Making early baroque poetry digitally explorable

The hybrid edition of Paul Fleming's works is being created collaboratively at three locations

18.07.2022 | Press Releases, Project News, Academic exchange

“Nevertheless be undaunted! Nevertheless do not give up!” The beginning of one of his best-known poems, “To himself,” exemplifies how his texts reflect the literary, artistic, scientific, and confessional discourses and spheres of life typical of the 17th century. Since June 2022, Fleming's complete works have been reedited using digital methods as part of the eight-year research project “Complete Edition of the Latin and German Works of Paul Fleming with Translation of the Latin Works and Commentary and Indexes to the Complete Works.”
Paul Fleming 1854

Paul Fleming 1854 Zweihundert Bildnisse und Lebensabrisse berühmter deutscher Männer, 3rd ed., Leipzig 1870, editor Ludwig Bechstein (Google Books); already present in first edition (1854) sowie CAMENA. Lateinische Texte der Frühen Neuzeit der Universität Mannheim, im XML-Format verfügbar (https://www2.uni-mannheim.de/mateo/camena/AUTBIO/fleming.html)

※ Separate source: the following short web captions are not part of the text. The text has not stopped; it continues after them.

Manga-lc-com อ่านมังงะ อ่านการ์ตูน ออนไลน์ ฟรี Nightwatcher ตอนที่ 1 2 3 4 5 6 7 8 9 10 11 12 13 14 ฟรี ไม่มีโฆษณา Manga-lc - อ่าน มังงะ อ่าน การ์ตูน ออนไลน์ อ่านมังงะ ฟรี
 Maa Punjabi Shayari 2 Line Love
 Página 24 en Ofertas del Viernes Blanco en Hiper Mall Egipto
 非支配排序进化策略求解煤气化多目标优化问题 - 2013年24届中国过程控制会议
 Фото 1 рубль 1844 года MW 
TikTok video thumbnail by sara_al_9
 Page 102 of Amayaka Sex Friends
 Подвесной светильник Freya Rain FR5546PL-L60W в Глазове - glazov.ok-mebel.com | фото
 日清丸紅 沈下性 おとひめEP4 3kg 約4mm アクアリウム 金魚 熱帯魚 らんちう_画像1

The participating researchers from German Studies, Latin Studies, and Digital Humanities at the Universities of Bonn, Heidelberg, and Trier will publish the results of this large-scale project together with the Publisher Anton Hiersemann in the form of a hybrid edition of the work, consisting of a printed edition with translation as well as detailed commentary and indexes, and a modern digital web application.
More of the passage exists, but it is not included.